▶ [Task requirements]: Transcribe everything in the listing below exactly, except the pictures.

▶ [Given data]:

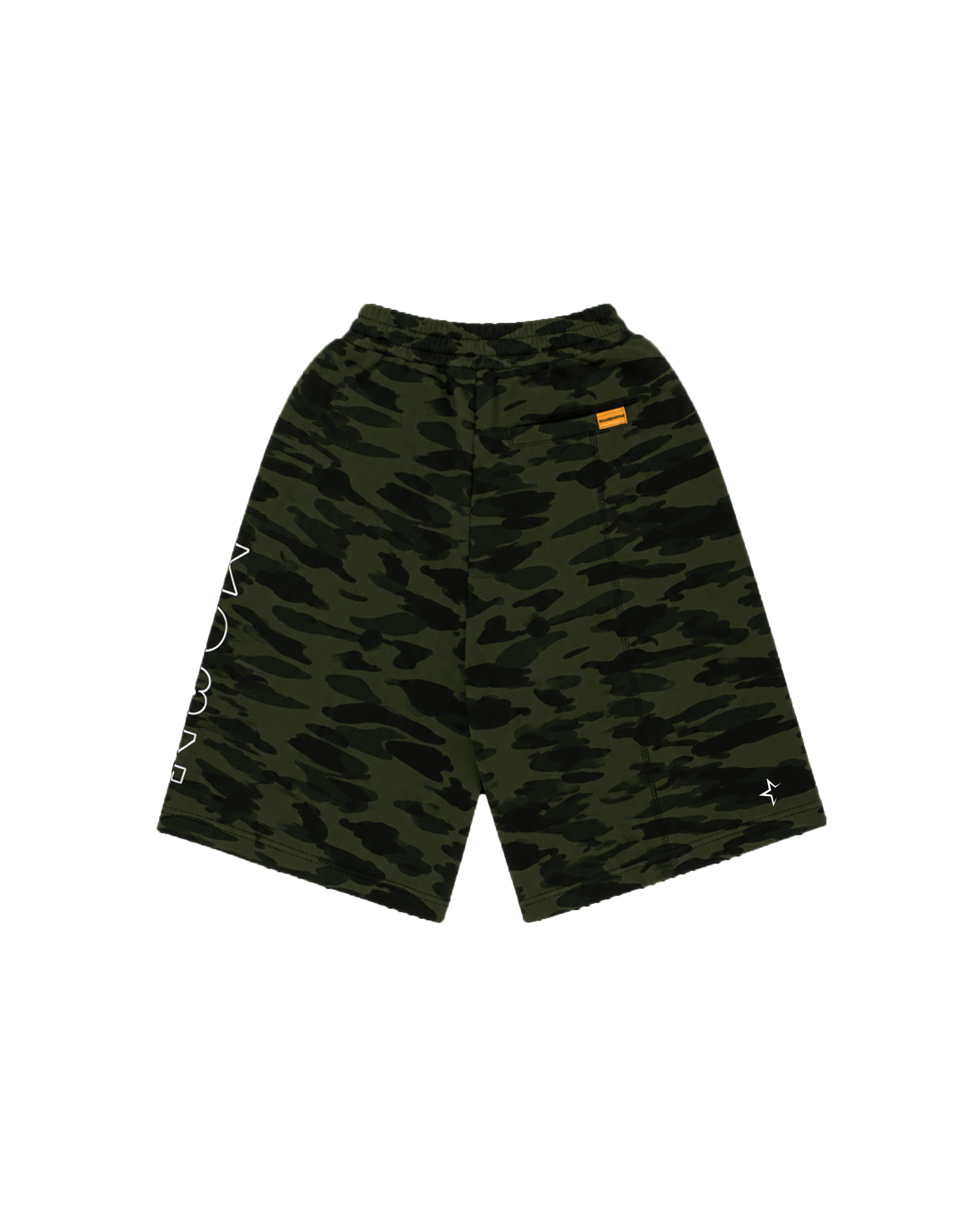 TACTICAL CAMO SHORT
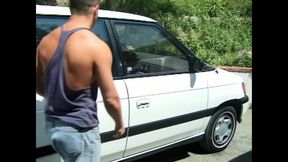 A Hot Brunette Eager for Cock and Orgasms Named Jane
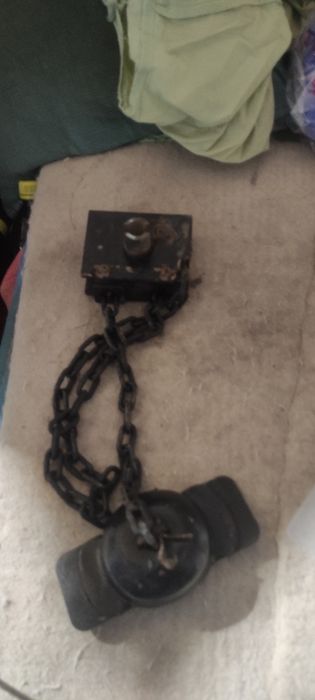 Лебедка для колеса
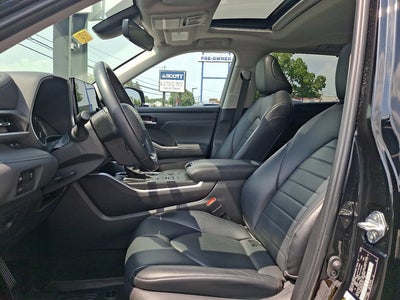 2024 Toyota Highlander XLE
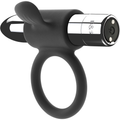 Black&Silver Cameron Wiederaufladbarer Ring Silber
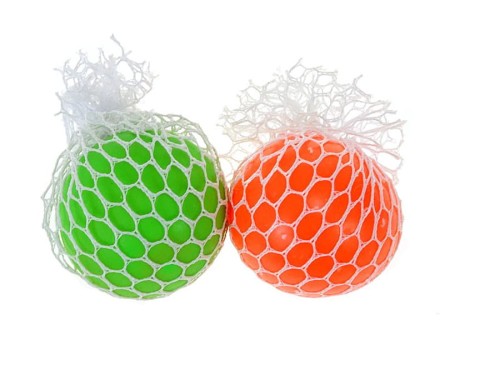 Nagrody dla dzielnych pacjentów gabinetów lekarskich: A282A - Piłeczka żelowa (gniotek) w siatce, tzw. wyciskane winogrona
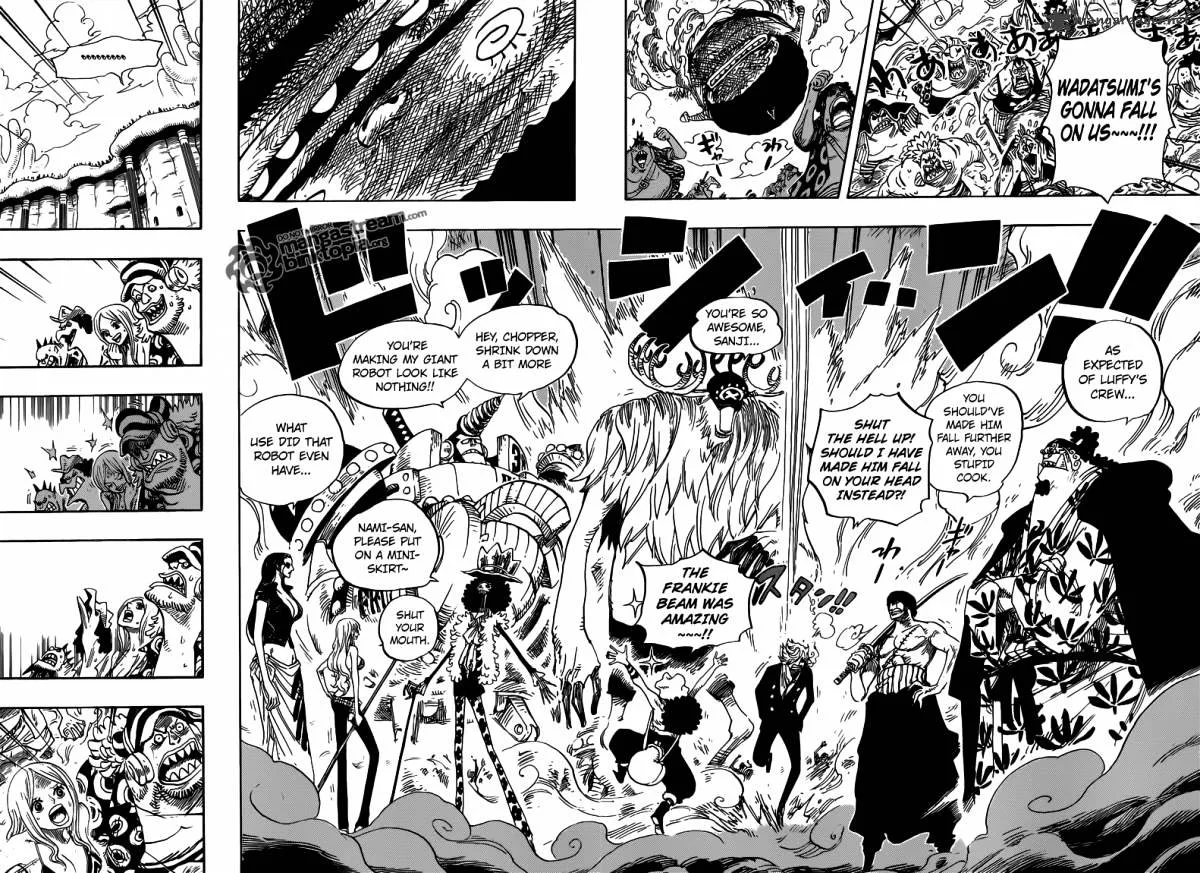 One Piece Chapter 647 page 3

▶ [Written response]:
 TACTICAL CAMO SHORT
 A Hot Brunette Eager for Cock and Orgasms Named Jane
 Лебедка для колеса
 2024 Toyota Highlander XLE
 Black&Silver Cameron Wiederaufladbarer Ring Silber
 Nagrody dla dzielnych pacjentów gabinetów lekarskich: A282A - Piłeczka żelowa (gniotek) w siatce, tzw. wyciskane winogrona
 One Piece Chapter 647 page 3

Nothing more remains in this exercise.